Embeddings

As the demand for sophisticated data analysis and machine learning capabilities within databases grows, so does the need for efficient and scalable solutions. PostgresML offers a powerful platform for integrating machine learning directly into PostgreSQL, enabling you to perform complex computations and predictive analytics without ever leaving your database.

Embeddings are a key building block with many applications in modern AI/ML systems. They are particularly valuable for handling various types of unstructured data like text, images, and more, providing a pathway to richer insights and improved performance. They allow computers to operate on natural language and other high level concepts by reducing them to billions of simple arithmetic operations.

Applications of embeddings

  • Search and Information Retrieval: Embeddings can transform search queries and documents into vectors, making it easier to find the most relevant documents for a given query based on semantic similarity.
  • Personalization: In recommendation systems, embeddings can help understand user queries and preferences, enhancing the accuracy of recommendations.
  • Text Generation: Large language models use embeddings to generate coherent and contextually relevant text, which can be applied in scenarios ranging from chatbots to content creation.
  • Natural Language Understanding (NLU): Embeddings enable models to perform tasks such as sentiment analysis, named entity recognition, and summarization by understanding the context and meaning of texts.
  • Translation: In machine translation, embeddings help models understand the semantic and syntactic structures of different languages, facilitating the translation process.

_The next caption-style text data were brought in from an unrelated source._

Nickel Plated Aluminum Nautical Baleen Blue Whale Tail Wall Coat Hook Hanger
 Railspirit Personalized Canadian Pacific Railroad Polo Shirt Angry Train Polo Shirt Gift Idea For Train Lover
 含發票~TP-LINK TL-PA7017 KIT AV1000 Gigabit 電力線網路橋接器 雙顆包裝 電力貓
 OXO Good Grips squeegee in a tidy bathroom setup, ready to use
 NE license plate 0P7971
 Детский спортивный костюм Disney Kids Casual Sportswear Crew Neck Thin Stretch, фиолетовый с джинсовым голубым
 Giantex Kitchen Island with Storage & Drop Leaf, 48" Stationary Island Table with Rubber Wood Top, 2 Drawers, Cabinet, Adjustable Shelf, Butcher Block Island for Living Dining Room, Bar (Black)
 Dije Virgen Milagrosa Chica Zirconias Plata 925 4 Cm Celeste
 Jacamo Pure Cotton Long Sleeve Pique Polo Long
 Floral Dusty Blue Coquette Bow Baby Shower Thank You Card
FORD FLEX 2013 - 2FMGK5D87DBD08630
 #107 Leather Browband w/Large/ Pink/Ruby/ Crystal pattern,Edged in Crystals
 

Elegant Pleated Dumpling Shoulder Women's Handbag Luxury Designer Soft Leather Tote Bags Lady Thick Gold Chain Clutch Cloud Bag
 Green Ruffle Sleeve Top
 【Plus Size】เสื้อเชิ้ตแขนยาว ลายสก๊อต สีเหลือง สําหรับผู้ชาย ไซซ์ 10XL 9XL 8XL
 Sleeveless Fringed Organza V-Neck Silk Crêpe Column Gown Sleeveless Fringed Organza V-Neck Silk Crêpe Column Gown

This guide will introduce you to the fundamentals of embeddings within PostgresML. Whether you are looking to enhance text processing capabilities, improve image recognition functions, or simply incorporate more advanced machine learning models into your database, embeddings can play a pivotal role. By integrating these capabilities directly within PostgreSQL, you benefit from streamlined operations, reduced data movement, and the ability to leverage the full power of SQL alongside advanced machine learning techniques.

In this guide, we will cover:

Embeddings are vectors

In the context of large language models (LLMs), embeddings are representations of words, phrases, or even entire sentences. Each word or text snippet is mapped to a vector in a high-dimensional space. These vectors capture semantic and syntactic nuances, meaning that similar words have vectors that are close together in this space. For instance, "king" and "queen" would be represented by vectors that are closer together than "king" and "apple".

Vectors can be stored in the native Postgres ARRAY[] datatype which is compatible with many application programming languages' native datatypes. Modern CPUs and GPUs offer hardware acceleration for common array operations, which can give substantial performance benefits when operating at scale, but which are typically not enabled in a Postgres database. You'll need to ensure you're compiling your full stack with support for your hardware to get the most bang for your buck, or you can leave that up to us, and get full hardware acceleration in a PostgresML cloud database.

warning
Warning

Other cloud providers claim to offer embeddings "inside the database", but benchmarks show that they are orders of magnitude slower than PostgresML. The reason is they don't actually run inside the database with hardware acceleration. They are thin wrapper functions that make network calls to remote service providers. PostgresML is the only cloud that puts GPU hardware in the database for full acceleration, and it shows.

Vectors support arithmetic

Vectors can be operated on mathematically with simple equations. For example, vector addition is defined as the sum of all the pairs of elements in the two vectors. This might be useful to combine two concepts into a single new embedding. For example "frozen" + "rain" should be similar to (≈) "snow" if the embedding model has encoded the nuances of natural language and precipitation.

Most vector operations are simple enough to implement in a few lines of code. Here's a naive implementation (no hardware acceleration) of vector addition in some popular languages:

content_copy
function add_vectors(x, y) {
let result = [];
for (let i = 0; i < x.length; i++) {
result[i] = x[i] + y[i];
}
return result;
}
let x = [1, 2, 3];
let y = [1, 2, 3];
add(x, y)

content_copy
def add_vectors(x, y):
return [x+y for x,y in zip(x,y)]
x = [1, 2, 3]
y = [1, 2, 3]
add(x, y)

If we pass the vectors for "snow" and "rain" into this function, we'd hope to get a vector similar to "snow" as the result, depending on the quality of the model that was used to create the word embeddings.